David Scott, SVP, talent and organizational development for Walmart.

Around 250,000 U.S. Walmart employees will undergo academy training programs this year, which can last between two to six weeks. The program’s current focus is on department managers, assistant store managers and newly promoted workers, said Tom Ward, VP of U.S. central operations for Walmart, and includes a mix of classroom training and exercises on the floor of the adjoining stores.

These employees are being trained to execute any number of duties and store processes that have been re-engineered over the past two years under Walmart’s U.S. leadership team including McKenna and Mark Ibbotson, Walmart’s U.S. EVP of central operations, who ran a similar training program at the company’s Asda chain in the United Kingdom prior to their U.S. assignment.

Walmart associates, from left, Cris Norton, Courtney Elston, Alfredo Torres and C.J. West with Kristen Wilkenson, senior director of Walmart's U.S. Academy team.

Ibbotson referred to the process changes — which touched virtually every duty employees have at a store — as “one best way” strategy that encourages standardization across stores.
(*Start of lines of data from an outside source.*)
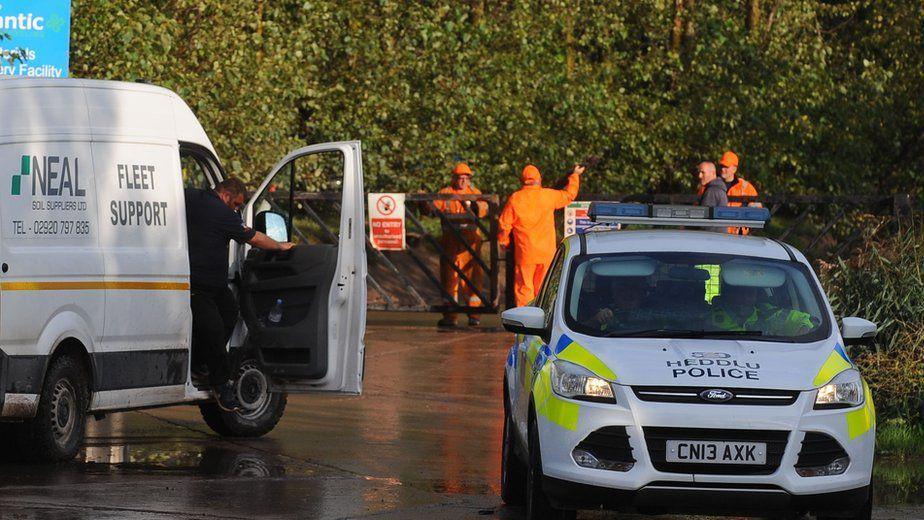 Police and a Neal soils van at the scene of an accident wit worker in orange jump suit manning gates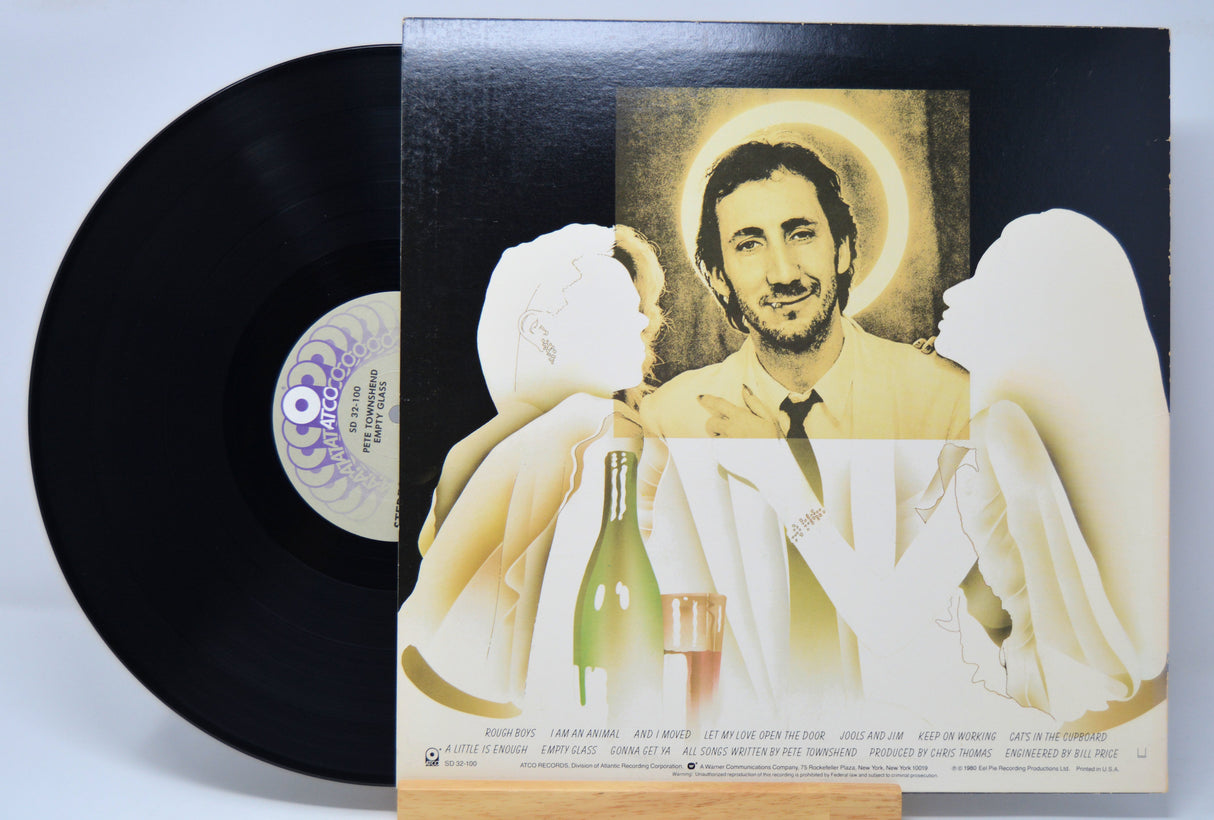 'Pete Townshend Empty Glass' Vinyl record with an angelic cover featuring a person holding a bottle and glass.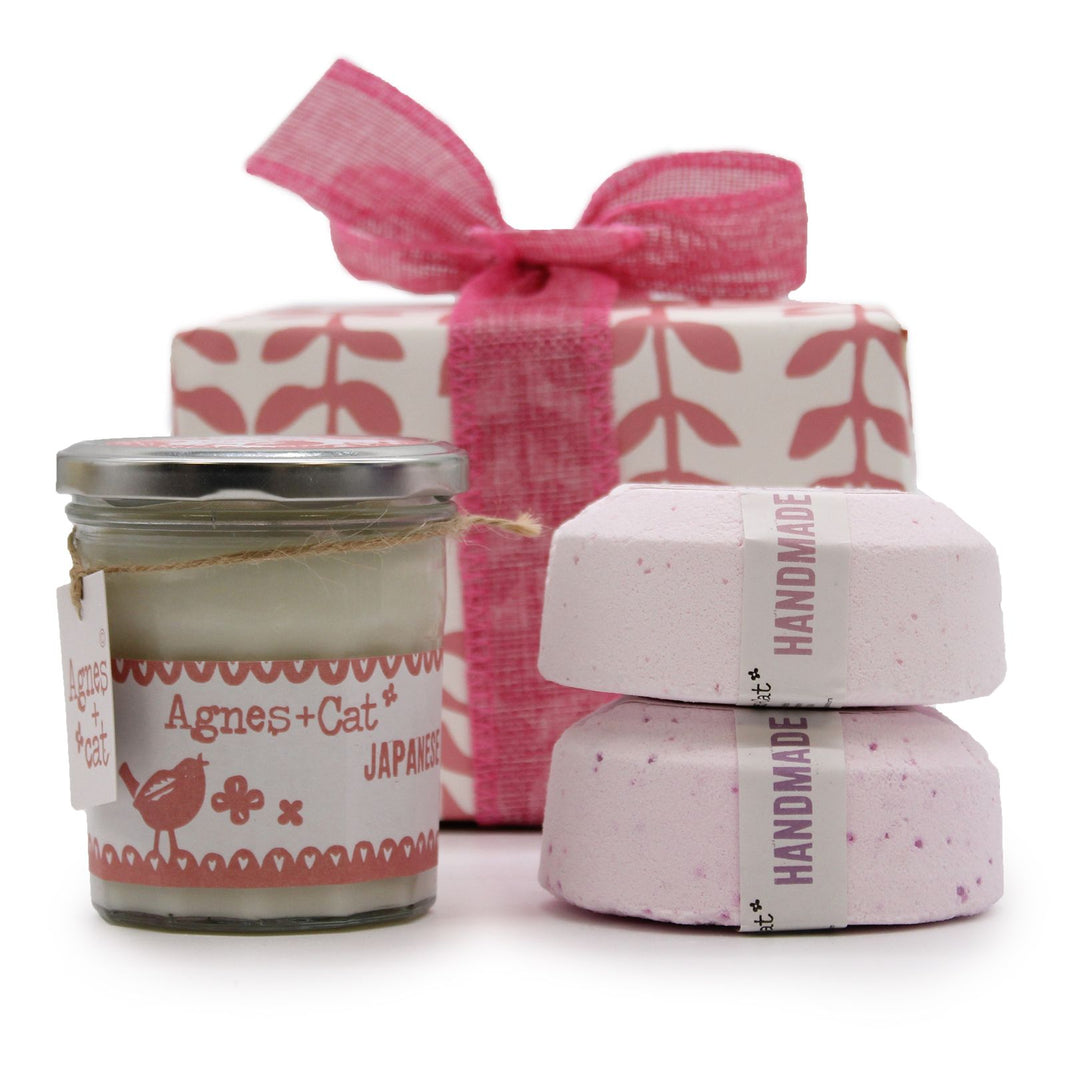 A beautiful pink-themed gift set featuring a tin candle, bath fizzers, and a small flower guest soap tied with a pink ribbon.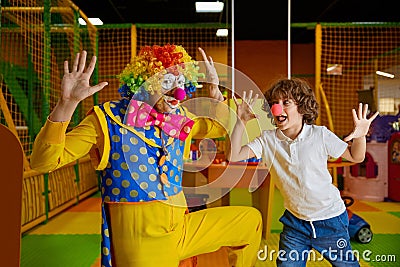Funny clown animator and boy fooling around playing at indoor playroom Stock Photo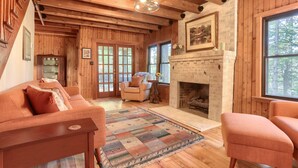 L’intérieur d’un chalet chaleureux, avec des murs en bois, une cheminée, un canapé et un tapis.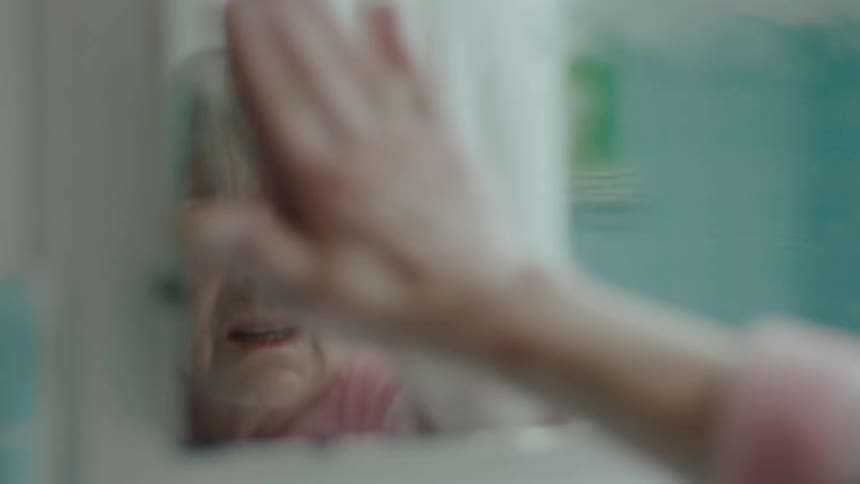 An elderly woman cleans a bathroom mirror with her hand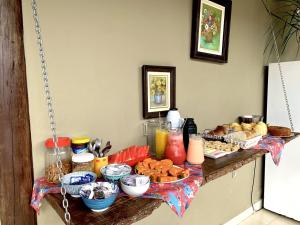 a table with a bunch of food on it at Pousada Casa Guntzel in Juquei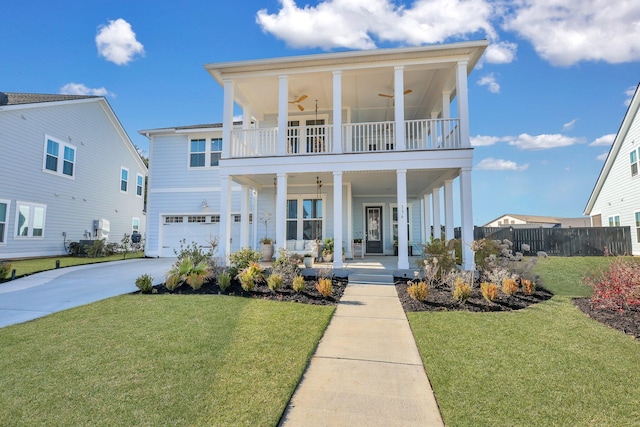 view of front of property with a front lawn, fence, covered porch, concrete driveway, and a balcony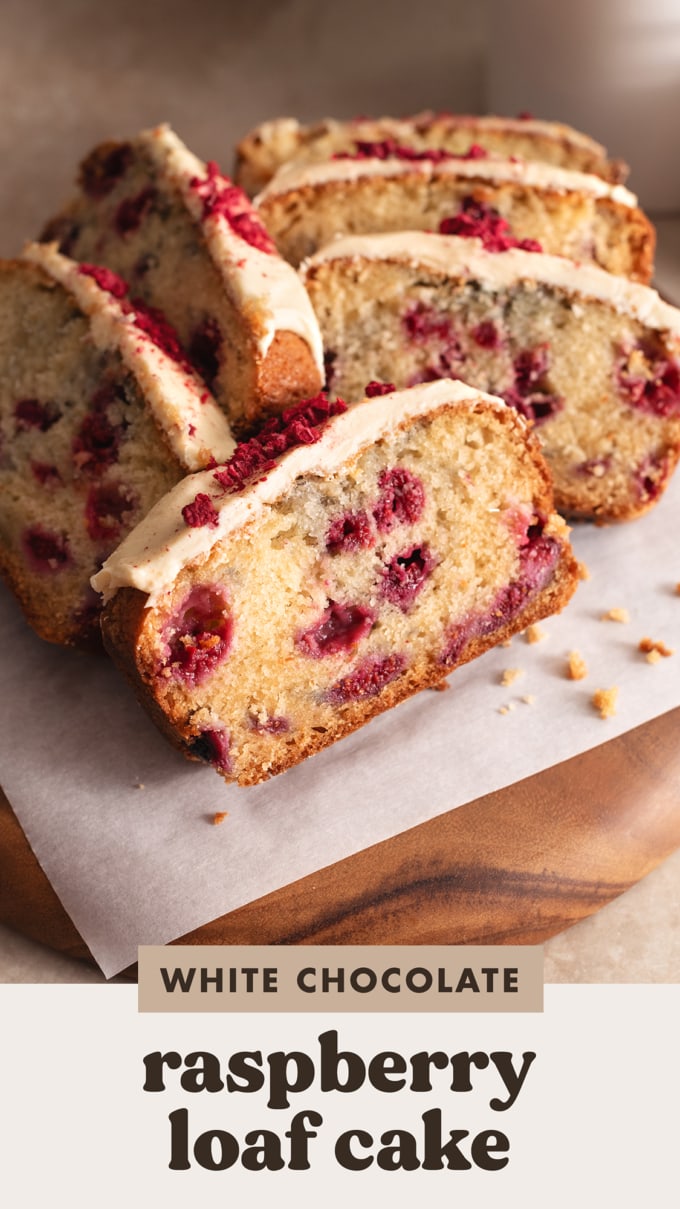 Slices of white chocolate raspberry loaf cake piled onto a wooden board.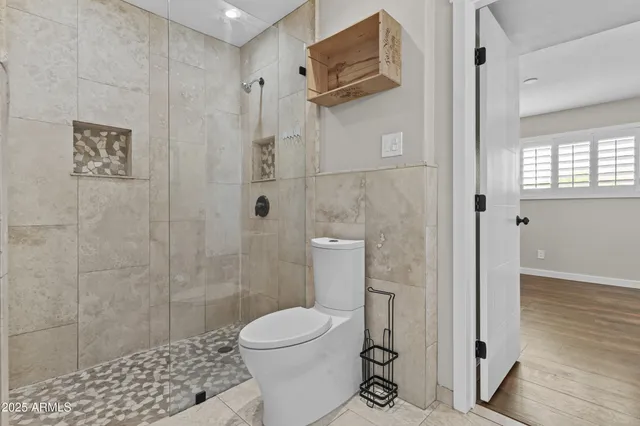 a bathroom with a toilet and a shower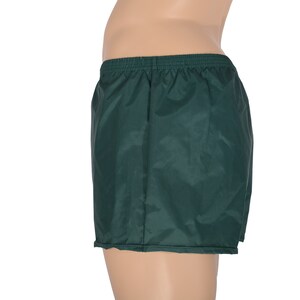 May include: Dark green athletic shorts with an elastic waistband.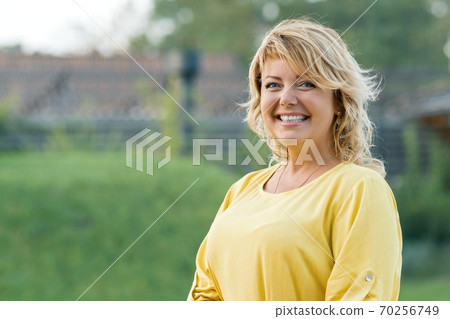 Outdoor portrait successful mature woman blonde in yellow dress Outdoor portrait successful mature woman blonde in yellow dress 70256749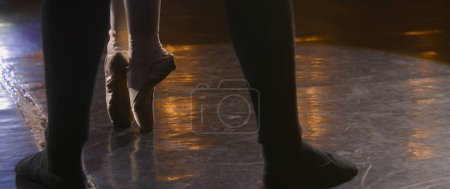 Close up wide shot of legs of ballet dancers at choreography rehearsal on theater stage illuminated by spotlight. Ballerina in pointe shoes stands and spins on tiptoe. Classical ballet performance.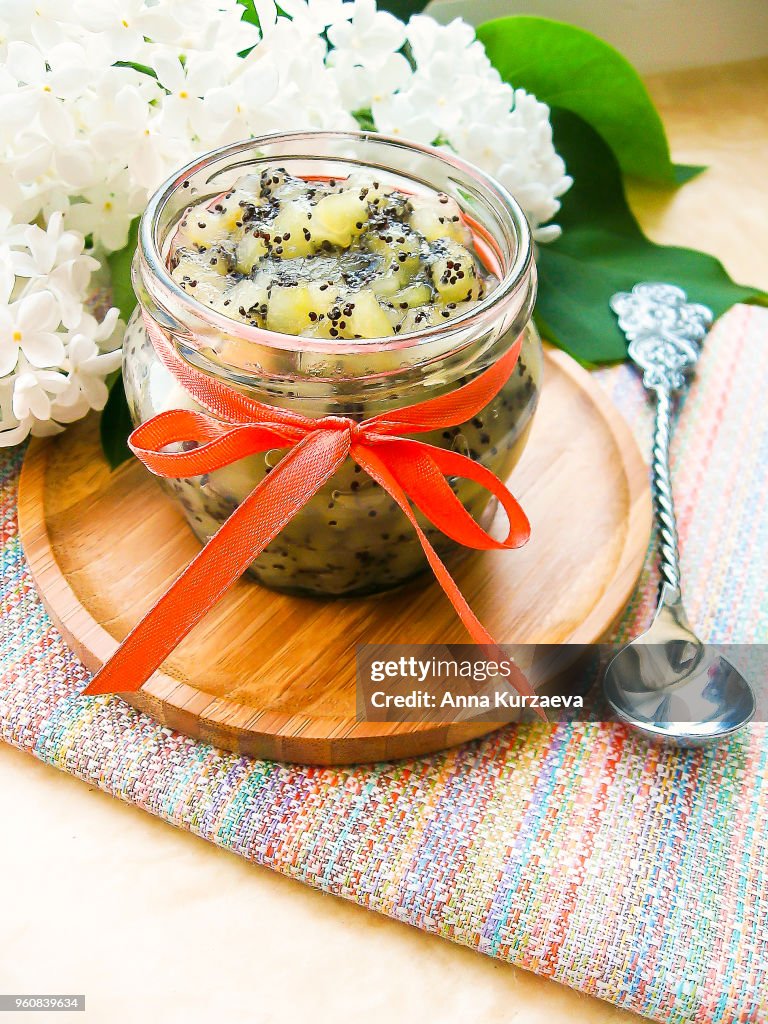 Pear jam or marmalade with poppy seeds in a jar, selective focus. Dessert food. Preserved food.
Officials demonstrated teaching methods including virtual reality to prepare workers for real-life situations and simulated shopping missions for customers.

A panel of recent Walmart academy graduates testified that the program was helping them and their co-workers to find more meaning and direction in their careers, in part because it demonstrated that supervisors were vested in their work.

“A lot of associates would get upset and leave the company because they felt they weren’t getting the proper training,” C.J. West, an assistant store manager in Fayetteville, said. “Their department managers, their supervisors, even their assistants weren’t involved. Now if you get the people the right training and allow them to develop and grow, you have a better chance at keeping your people. I know I wouldn’t want to work at some place where I wasn’t trained, and that’s happened here in years past.”